As Bertie settled into his seat he turned to her and gave her what he hoped was a winning and inviting smile. This elicited the following response:

“This must be my lucky day,” she remarked, smiling at him in the same manner. “Usually when I come to these things I get saddled with a seatmate who’s either some fat slob who belches or farts every thirty seconds or so, or some twerky young webbie who wants to tell me in far too great detail his analysis of the whole ‘Gil Hall Mystique'”—here she held up her fingers to indicate quotation marks. Then, giving a little snort of mock disgust, “—as if there weren’t enough papers written on the man and his films already. Why, he’s even been the subject of university film seminars for the past twenty years or so.”

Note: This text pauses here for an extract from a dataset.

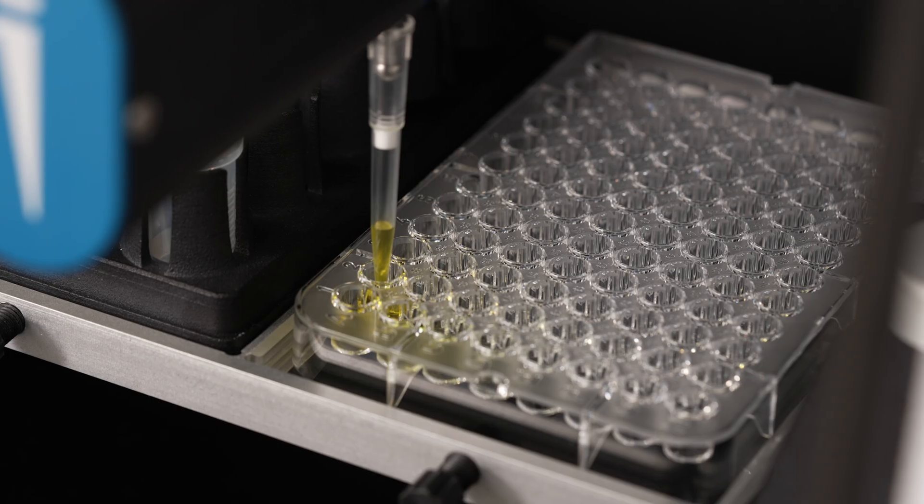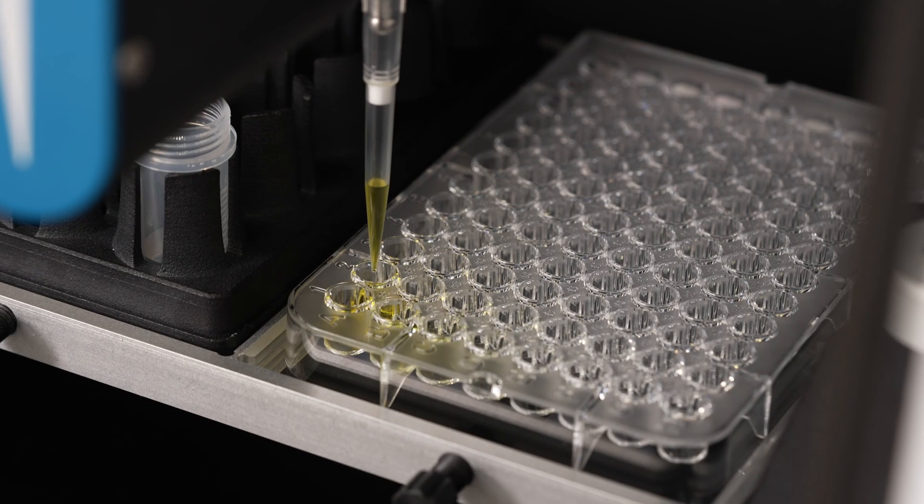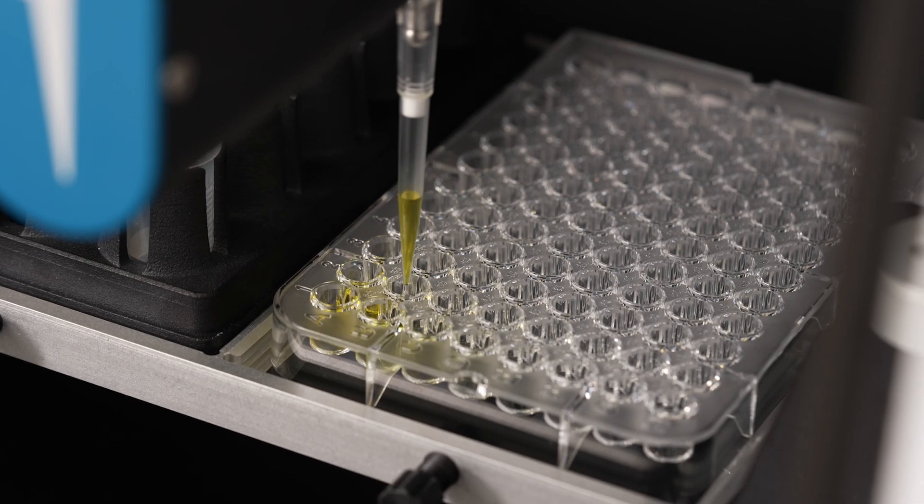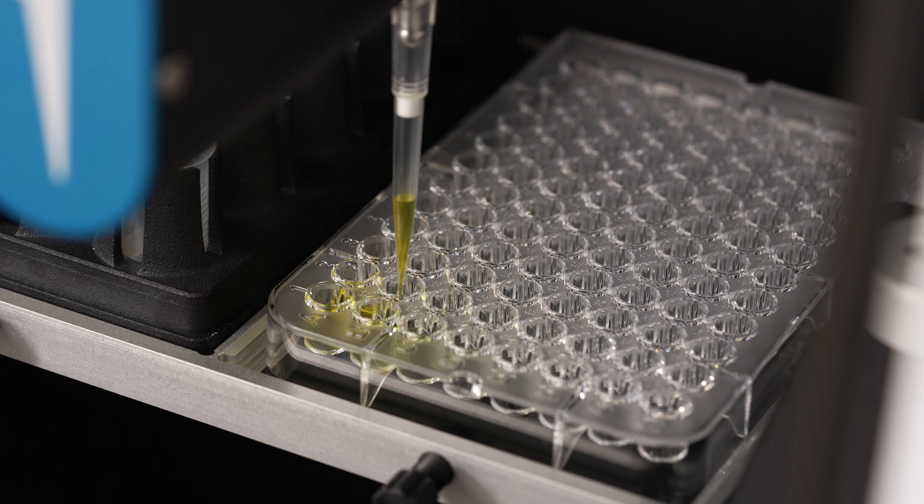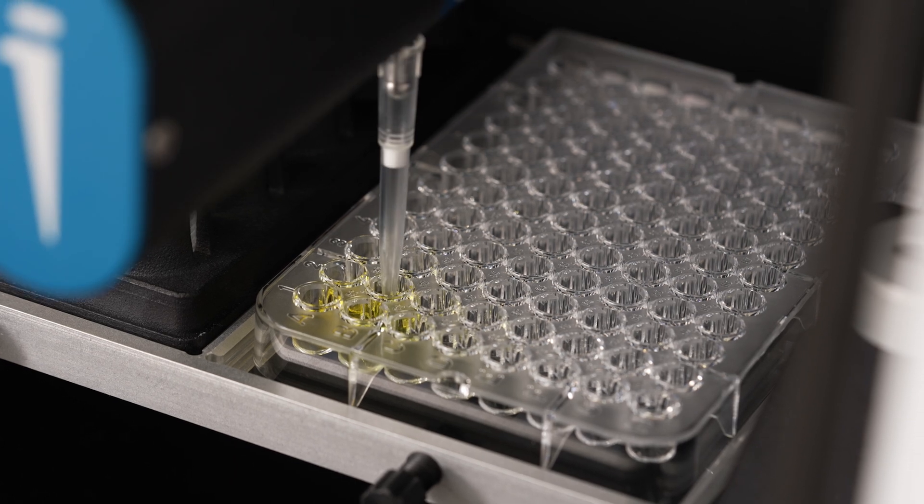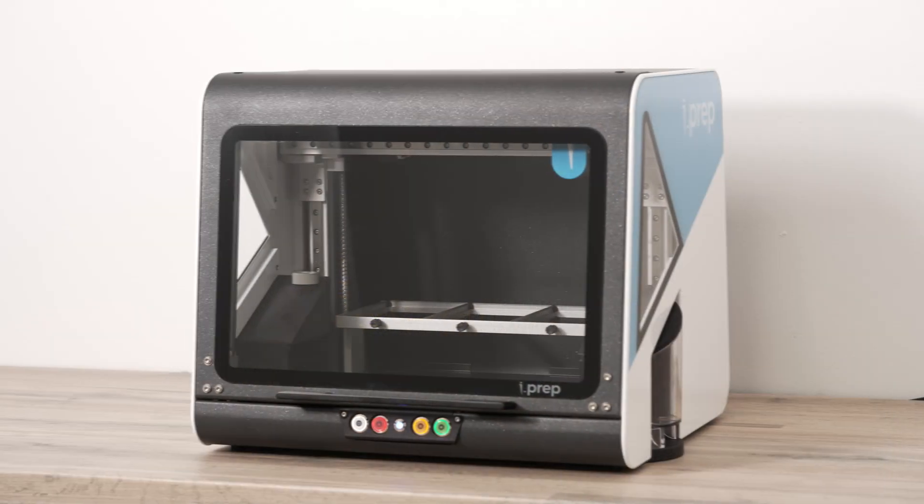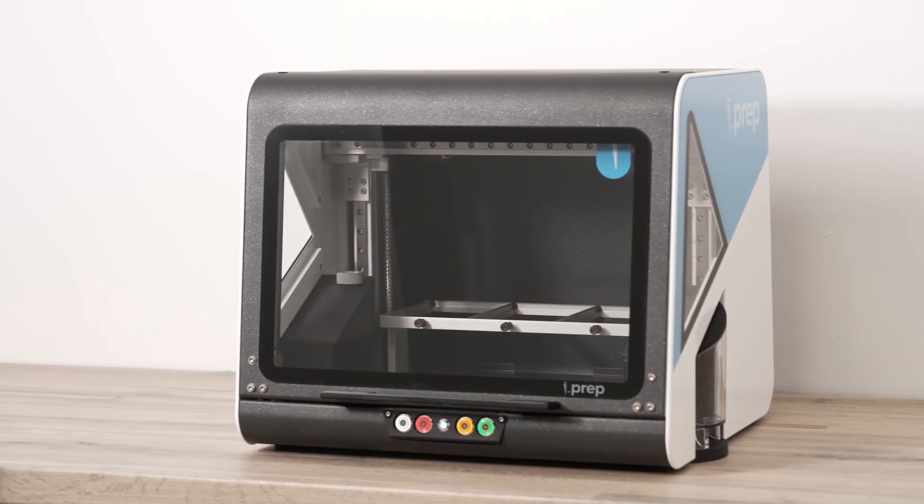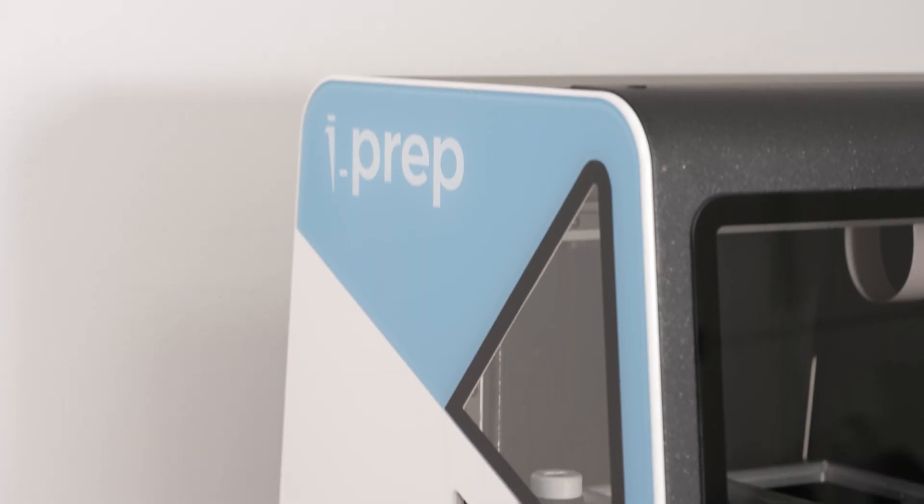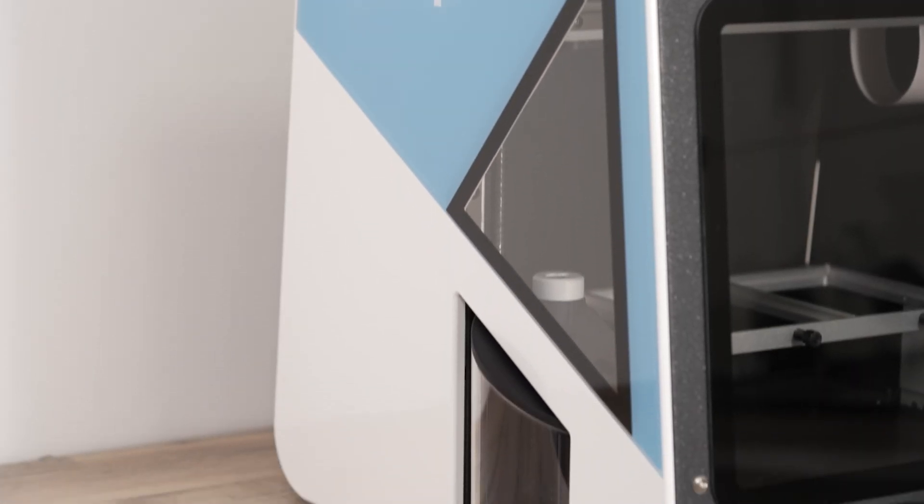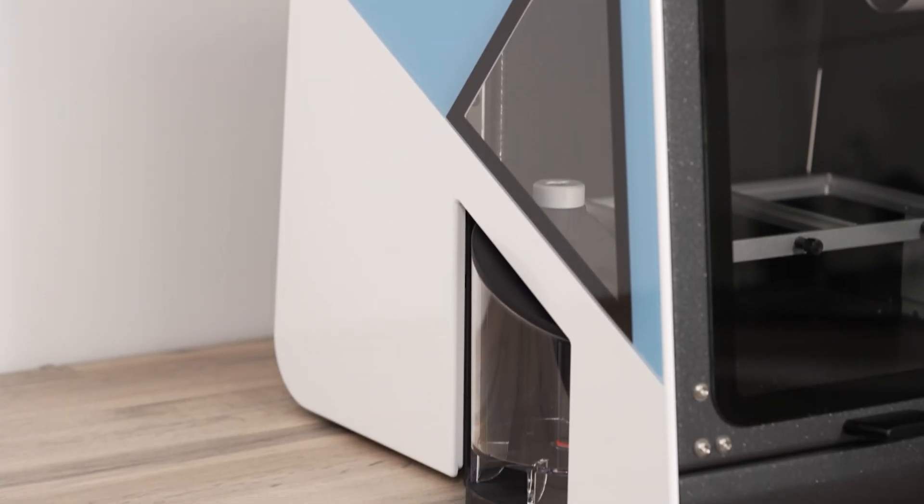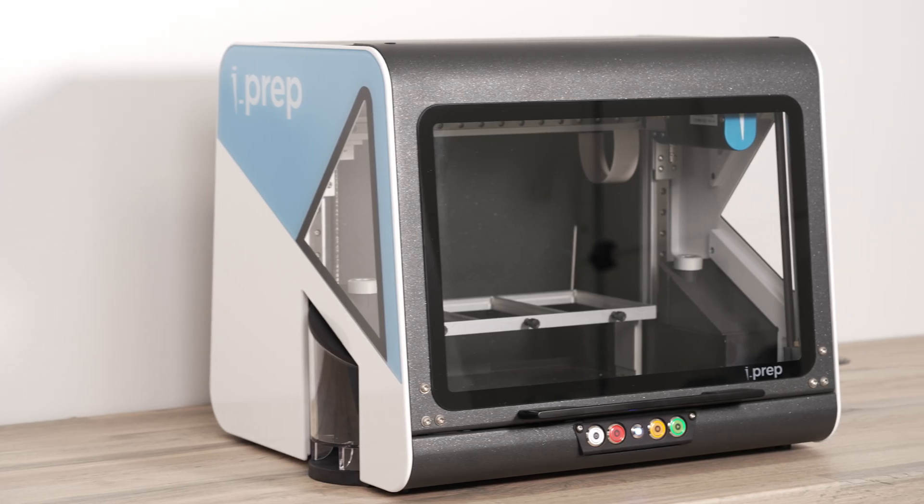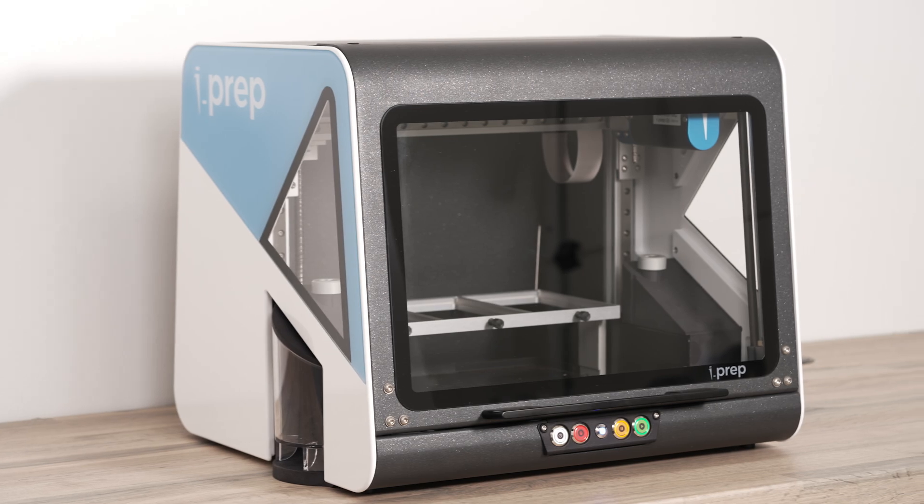If your lab currently uses handheld pipettes and you want to increase efficiency through automation, iPrep is the perfect step. Common applications include qPCR setup, ELISA assays, and cell culture applications. However, if your task requires pipetting, iPrep can help.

This all came out in such a rush that Bertie frankly couldn’t understand half of it but he knew enough to smile and nod, and then thankfully the house lights dimmed to half and a single white follow spot illuminated a wheeled podium that, unnoticed to him, had been installed downstage right. As a tuxedoed gentleman approached the podium Gil had time to notice that, rather than the usual movie theater with a huge screen and a narrow downstage lip, there was no movie screen in sight; rather, the stage extended to about twenty feet and contained what looked like a comfy living room set. Then his attention was diverted back to the podium as the tuxedoed man tapped the microphone and began to speak.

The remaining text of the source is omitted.